First (and I know this is quibbling), the number that people are meaning to cite is actually 80 percent.

(Media originally reported 81 percent, but that was based on initial reports of the exit poll before the tabulations were complete.)

Second, the statistic was not purporting to measure the total percentage of all white self-identified evangelicals.

Rather, the number is supposed to indicate the number of white voters who self-identify as born-again or evangelicals and voted for Trump.

That sounds like mere semantics, but it actually represents a significant difference. Evangelical historian Thomas Kidd uses recent statistical analysis to estimate that 40 percent of white evangelicals didn’t vote in this election (see, e.g., this).

If we then grant the 80 percent figure for the remaining 60 percent who did vote ended up casting their ballot for Trump, then it would be the case that less than half (48 percent) of white self-identified evangelicals voted for Donald Trump.

Third, we know almost nothing about the 80 percent beyond a religious label they affirm or an experience they claim.

Do they go to church? Are they Protestant?

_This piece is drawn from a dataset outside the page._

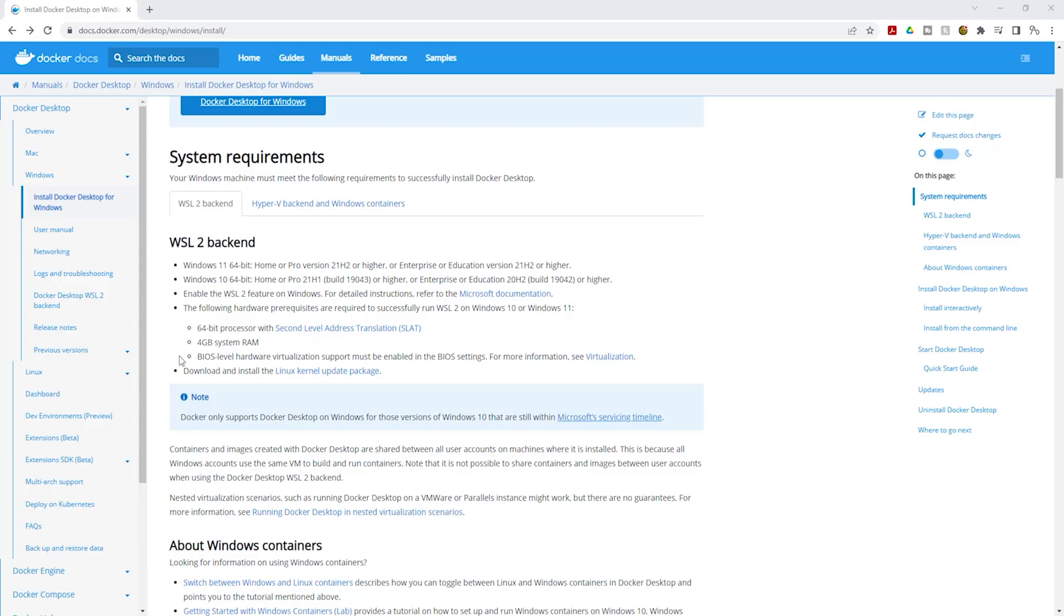After you've watched this video to check whether virtualization is enabled on your computer, if virtualization is not enabled, I'll leave a link in this video's description for the videos you can watch to enable virtualization on your computer.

Unless we are willing to say that “an evangelical is anyone who says he or she is an evangelical or says he or she has been ‘born again,'” then we have to admit that we are talking more about a label of self-designation than an actual movement or network, much less a reflection of theological belief or religious practice.

For example, an array of theological traditions outside of the traditional evangelical movement have adherents who say they are “evangelical” or have been “born again,” including:

  • mainline Protestants (27 percent)
  • Roman Catholics (22 percent)
  • Orthodox (18 percent)
  • Mormons (23 percent)
  • Jehovah’s Witness (24 percent)
  • spiritualist Christians (24 percent)

[As an aside: some people rightly point out that 35 percent of those who self-identify as evangelical are minorities:

  • 19 percent black
  • 10 percent Hispanic,
  • 6 percent combination of Asian, mixed race, or other ethnicities

But the 80 percent number was specifically limited to white voters who self-identify as evangelical/born again, not to all who identify with these religious markers.]

Finally, it is reasonable to estimate that less than half of the 80 percent actually hold to traditional evangelical beliefs.

As researchers have discovered serious limitations in how to identify and measure evangelicals beyond the exit-poll data that merely asks this as a yes-or-no self-identification question, more sophisticated polling data has recently been used, revealing that fewer than half (45 percent of respondents) who self-identify as evangelical strongly hold to evangelical beliefs as articulated by the Bebbington Quadrilaterial (with its emphases on conversionism, biblicism, activism, and crucicentrism).

This is not a defense of evangelicals and their relationship to Donald Trump. (I have been a critic regarding that relationship, especially with regard to what historian John Fea calls the Court Evangelical leaders who serve as his acolytes.) This says nothing about what his current level of support may or may not be. It’s simply a little plea for more accuracy about how we describe the role of evangelicals in the 2016 election. Criticize them all you want—but let’s first define our terms and strive for accuracy.